Inactivation of peroxidase and polyphenol oxidase in red beet (Beta vulgaris L.) extract with high pressure carbon dioxide

The inactivation of peroxidase (POD) and polyphenol oxidase (PPO) in red beet extract with high pressure carbon dioxide (HPCD) was investigated. HPCD treatment at 37.5 MPa for POD and 22.5 MPa for PPO (55 °C, 60 min) resulted in a reduction of their activities by approximately 86% and 95%, respectively. Compared with thermal treatment (55 °C), the decimal reduction time (D) of POD and PPO was reduced from 555.56 min to 74.63 min and 161.29 min to 38.31 min, respectively, by the HPCD treatment. The inactivation process followed first-order kinetics (R2 > 0.84, p < 0.05) with D values declining with the rise of pressure and temperature.
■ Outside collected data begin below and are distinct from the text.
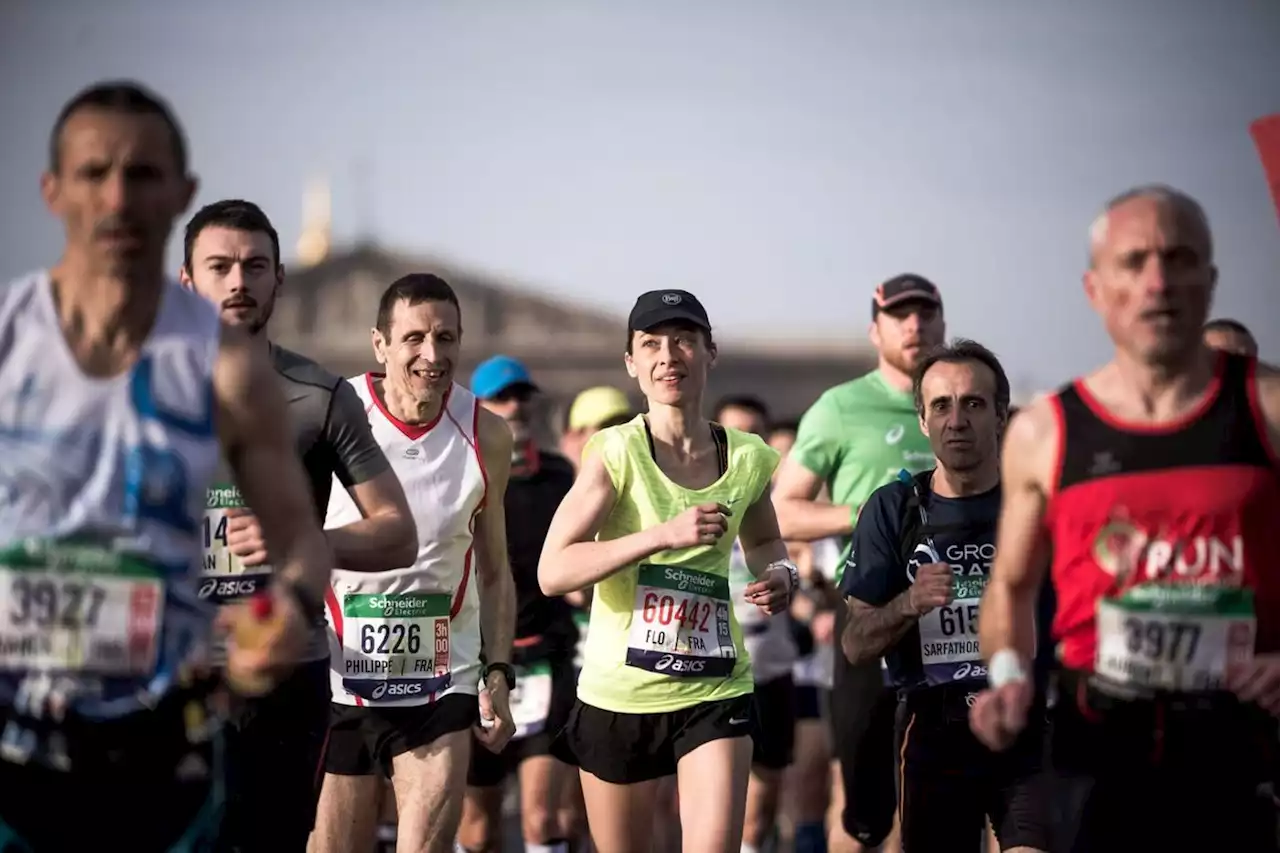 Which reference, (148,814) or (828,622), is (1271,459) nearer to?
(148,814)

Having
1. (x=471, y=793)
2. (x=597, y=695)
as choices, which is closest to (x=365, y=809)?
(x=597, y=695)

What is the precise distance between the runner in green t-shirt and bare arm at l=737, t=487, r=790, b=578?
1129 millimetres

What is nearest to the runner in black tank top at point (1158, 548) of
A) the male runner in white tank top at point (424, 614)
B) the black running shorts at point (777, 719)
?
the male runner in white tank top at point (424, 614)

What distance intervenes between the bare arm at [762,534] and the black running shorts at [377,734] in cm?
129

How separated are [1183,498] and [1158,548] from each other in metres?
0.13

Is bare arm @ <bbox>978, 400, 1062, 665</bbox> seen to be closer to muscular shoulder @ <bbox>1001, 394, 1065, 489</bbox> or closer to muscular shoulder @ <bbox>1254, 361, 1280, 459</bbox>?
muscular shoulder @ <bbox>1001, 394, 1065, 489</bbox>

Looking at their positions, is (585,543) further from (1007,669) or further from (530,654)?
(530,654)

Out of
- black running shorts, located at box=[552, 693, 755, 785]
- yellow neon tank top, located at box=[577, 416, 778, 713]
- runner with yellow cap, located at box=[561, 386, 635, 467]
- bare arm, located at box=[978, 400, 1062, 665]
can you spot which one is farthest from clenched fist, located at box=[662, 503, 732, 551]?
runner with yellow cap, located at box=[561, 386, 635, 467]

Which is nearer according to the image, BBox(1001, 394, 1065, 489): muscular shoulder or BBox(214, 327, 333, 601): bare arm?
BBox(214, 327, 333, 601): bare arm

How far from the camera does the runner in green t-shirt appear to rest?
29.2 ft

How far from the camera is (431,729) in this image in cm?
759

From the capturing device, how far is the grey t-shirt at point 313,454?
19.9ft

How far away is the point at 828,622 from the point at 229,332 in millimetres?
9920

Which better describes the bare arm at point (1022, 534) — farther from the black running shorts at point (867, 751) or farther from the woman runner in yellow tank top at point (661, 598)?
the black running shorts at point (867, 751)
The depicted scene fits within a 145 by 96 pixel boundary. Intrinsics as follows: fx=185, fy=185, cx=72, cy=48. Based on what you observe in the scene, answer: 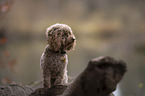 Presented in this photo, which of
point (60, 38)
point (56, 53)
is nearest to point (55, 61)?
point (56, 53)

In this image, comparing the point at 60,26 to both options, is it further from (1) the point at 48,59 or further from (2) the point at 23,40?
(2) the point at 23,40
The activation energy of the inactivation was reduced by the HPCD treatment from 92.54 kJ/mol to 68.63 kJ/mol and 57.06 kJ/mol to 53.58 kJ/mol for POD and PPO, respectively. Analysis of the kinetic parameters of the inactivation showed that both POD and PPO were less sensitive to pressure changes under supercritical than subcritical conditions.Industrial relevanceThere is a strong interest in the food industry in developing non-thermal processing techniques to produce fresher, safer and higher quality food. High pressure carbon dioxide (HPCD) is one of the emerging non-thermal technologies for inactivating microorganisms and enzymes in food products. Peroxidase (POD) and polyphenol oxidase (PPO) are two common enzymes that can cause quality deterioration in many food products. This work explores the feasibility of inactivating POD and PPO in red beet extracts by HPCD and establishes the inactivation kinetic models. These models are useful in understanding the responses of POD and PPO activities to changes in the HPCD parameters including pressure, temperature and process time. The models may also be used in assisting the design of industrial-scale HPCD processes.